▶ [Action item]: Leave out the pictures and repeat the data exactly.

▶ [Recorded data]:
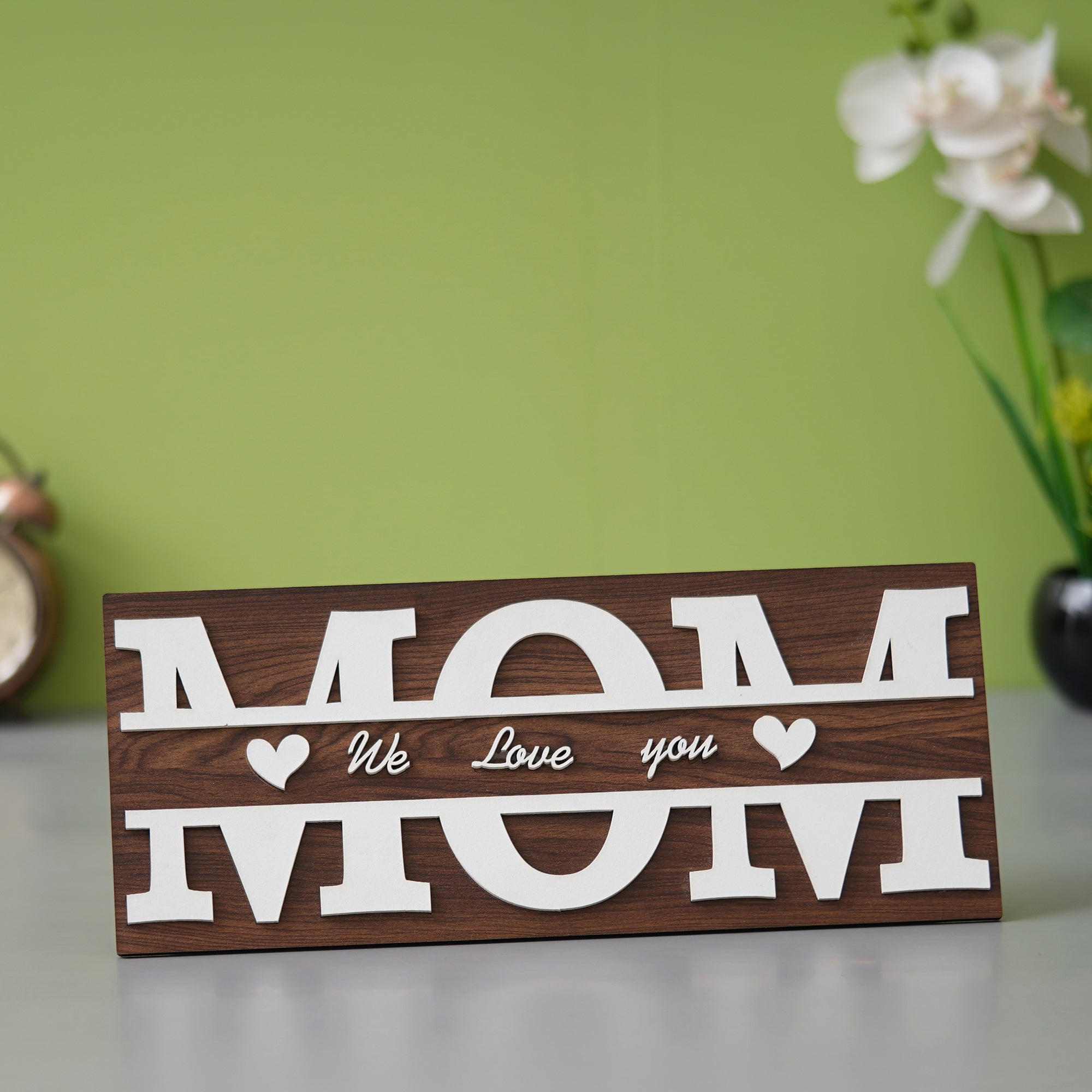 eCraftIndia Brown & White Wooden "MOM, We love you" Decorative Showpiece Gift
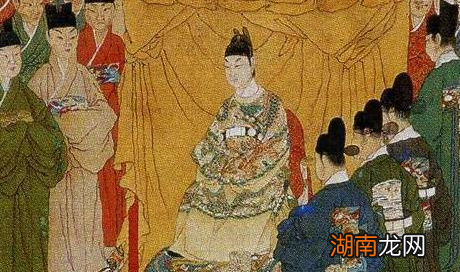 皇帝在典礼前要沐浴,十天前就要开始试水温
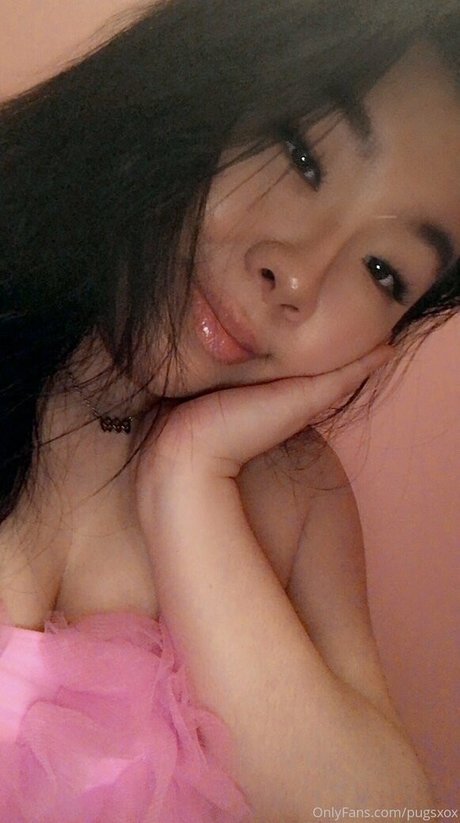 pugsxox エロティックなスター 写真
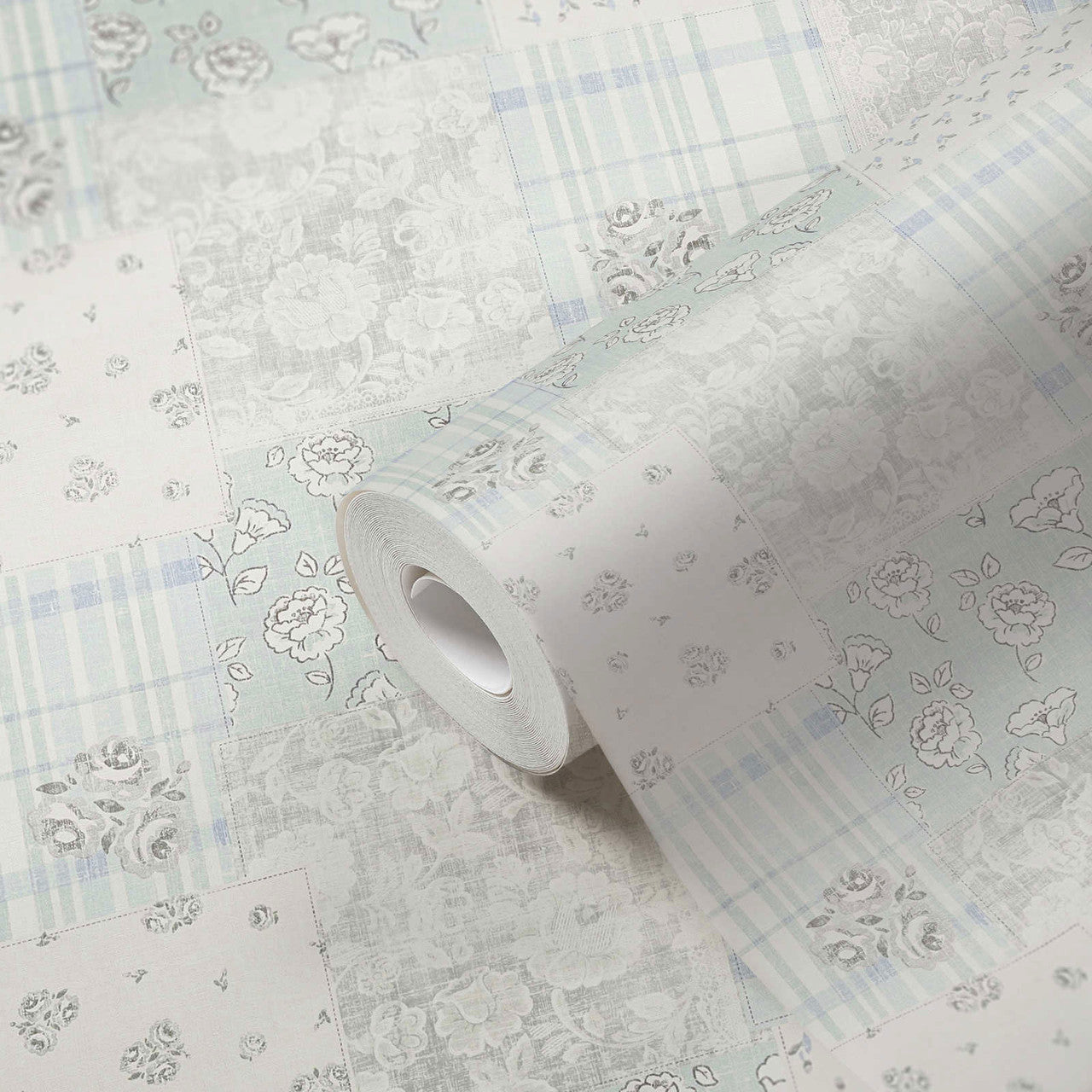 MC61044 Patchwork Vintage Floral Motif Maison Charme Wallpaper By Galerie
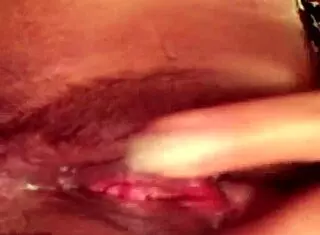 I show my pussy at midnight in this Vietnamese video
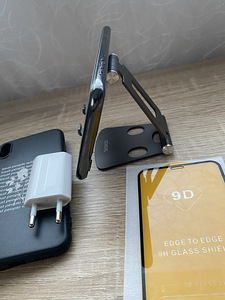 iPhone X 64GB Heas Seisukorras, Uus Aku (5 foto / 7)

▶ [Written response]:
 eCraftIndia Brown & White Wooden "MOM, We love you" Decorative Showpiece Gift
 皇帝在典礼前要沐浴,十天前就要开始试水温
 pugsxox エロティックなスター 写真
 MC61044 Patchwork Vintage Floral Motif Maison Charme Wallpaper By Galerie
 I show my pussy at midnight in this Vietnamese video
 iPhone X 64GB Heas Seisukorras, Uus Aku (5 foto / 7)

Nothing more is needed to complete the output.